これまでのソーラーパネルには単結晶あるいは多結晶シリコンを使った太陽光発電が多い。単結晶シリコンでは、シリコンのインゴットを引き上げ、結晶性の悪いアタマとしっぽの部分を太陽電池グレードとして太陽電池メーカーに供給、真ん中の結晶性の良い部分をLSIメーカーへ納める。多結晶シリコンは最初から結晶の良くないままの多結晶を作っている。昨年、多結晶シリコン不足により太陽電池が作れないという大騒ぎがあって、結晶シリコンで太陽電池を作ることにどうやらアレルギーが起きているらしい。

先週のニュースで生産する太陽電池は、アモルファスシリコンではなく、Cu、In、Ga、Seなどの化合物であるCIGSと、Cu、In、SからなるCIS系と言われる材料を使う種類と、色素増感太陽電池と呼ばれる種類である。
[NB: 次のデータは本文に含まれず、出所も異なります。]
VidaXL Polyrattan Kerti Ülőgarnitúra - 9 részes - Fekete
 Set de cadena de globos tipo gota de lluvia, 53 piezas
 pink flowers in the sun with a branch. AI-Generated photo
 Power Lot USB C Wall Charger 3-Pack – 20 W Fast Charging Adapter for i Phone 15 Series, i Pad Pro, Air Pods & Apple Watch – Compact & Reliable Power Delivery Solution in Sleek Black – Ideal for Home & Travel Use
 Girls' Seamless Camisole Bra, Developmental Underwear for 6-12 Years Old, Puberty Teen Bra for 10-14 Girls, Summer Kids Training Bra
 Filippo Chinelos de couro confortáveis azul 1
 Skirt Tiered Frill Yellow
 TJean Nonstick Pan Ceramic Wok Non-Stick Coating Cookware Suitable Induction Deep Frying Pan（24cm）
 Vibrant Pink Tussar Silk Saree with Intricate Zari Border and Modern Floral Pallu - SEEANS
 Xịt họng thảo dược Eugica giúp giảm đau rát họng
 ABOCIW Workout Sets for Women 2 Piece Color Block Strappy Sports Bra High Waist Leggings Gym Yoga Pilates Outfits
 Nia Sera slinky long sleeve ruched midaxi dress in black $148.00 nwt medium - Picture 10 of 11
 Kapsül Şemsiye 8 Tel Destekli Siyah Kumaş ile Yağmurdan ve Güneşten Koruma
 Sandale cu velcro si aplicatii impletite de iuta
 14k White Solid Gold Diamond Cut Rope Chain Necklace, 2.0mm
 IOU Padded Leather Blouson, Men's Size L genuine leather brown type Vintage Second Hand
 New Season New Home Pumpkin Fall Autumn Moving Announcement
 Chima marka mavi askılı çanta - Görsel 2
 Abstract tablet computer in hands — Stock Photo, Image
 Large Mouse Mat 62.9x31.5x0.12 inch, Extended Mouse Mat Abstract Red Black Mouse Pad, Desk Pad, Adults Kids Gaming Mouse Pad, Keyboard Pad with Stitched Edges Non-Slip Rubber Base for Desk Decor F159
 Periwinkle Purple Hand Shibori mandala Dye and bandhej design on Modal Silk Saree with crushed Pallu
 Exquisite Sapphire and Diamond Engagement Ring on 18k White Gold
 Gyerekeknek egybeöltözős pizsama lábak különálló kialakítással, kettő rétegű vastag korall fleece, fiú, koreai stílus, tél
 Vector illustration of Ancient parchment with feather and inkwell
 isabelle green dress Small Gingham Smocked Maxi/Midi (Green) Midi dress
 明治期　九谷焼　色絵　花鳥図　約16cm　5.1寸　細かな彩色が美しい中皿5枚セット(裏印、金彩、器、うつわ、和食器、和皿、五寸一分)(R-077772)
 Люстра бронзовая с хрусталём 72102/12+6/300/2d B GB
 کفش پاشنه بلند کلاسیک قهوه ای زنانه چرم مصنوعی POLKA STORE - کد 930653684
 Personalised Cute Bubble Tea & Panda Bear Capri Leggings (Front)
いずれもアモルファスシリコンと同様、薄膜で作れる。CIS系は多結晶で、半導体バンドギャップを高くして開放電圧を高めるという狙いがあるが、色素増感型は電解液を使うため液漏れのないように実装しなければならない。

CIGSやCISなどの化合物太陽電池は効率が比較的高いため有望視されてはいるものの、小さな面積で効率の高い実験値と大面積で実用に近い量産値とは別物である。面積を増加させても効率を落とさないで作ることが実は簡単ではない。かつて、アモルファスシリコンでも同様で5mm×5mmの小面積では8%もの効率を達成できたが、大面積となると途端に効率が落ちた。しかし、最近ではフラットパネルディスプレイ量産技術の進化のおかげで、大面積でも効率の落ちない生産技術が可能になっている。

太陽電池の製造技術は、大面積で均一な成分の薄膜を形成できるかどうかにかかっている。日刊工業新聞では、「大本命と見られているのが光合成のように色素で光エネルギーを利用する色素増感型太陽電池だ」と持ち上げているが、大本命かどうかは神のみぞ知るだろう。

もう一つ、薄膜技術のフラットパネルディスプレイでも大きな動きがあった。キヤノンが開発を進めていた電界放出型ディスプレイ(FED)の一種である、SED(表面放射型ディスプレイ)の実用化活動が全く見えなくなったと思っていた矢先に、日立ディスプレイズが中小型の有機ELをキヤノンとの協力体制を強めることを発表した。OLED開発本部を専門部署として設置した。キヤノンは日立ディスプレイの株24.9%を3月に獲得している。キヤノンはSEDの開発を断念したのだろうか。

同じFEDパネルをソニーとFEテクノロジーズがパイオニアのプラズマ工場を買収してFEDパネルを09年末から量産すると発表している。FEDはSEDと同様、1画素内に設けた小さなCRTの陰極から電子を蛍光体にぶつけ発光させるディスプレイデバイスで、画面の美しさは原理的にCRTと同じ。1画素ごとに1CRTを持っているようなものだ。このため画面の端で像が歪むというCRTの欠点はない。液晶パネルとは違い、応答速度が速いため、1フレームを240Hzで動作させたきれいな画面のディスプレイを昨年のCEATECでFEテクノロジーズはデモンストレーションしている(「CEATEC Japan、FEDやシースルーディスプレイが登場」)。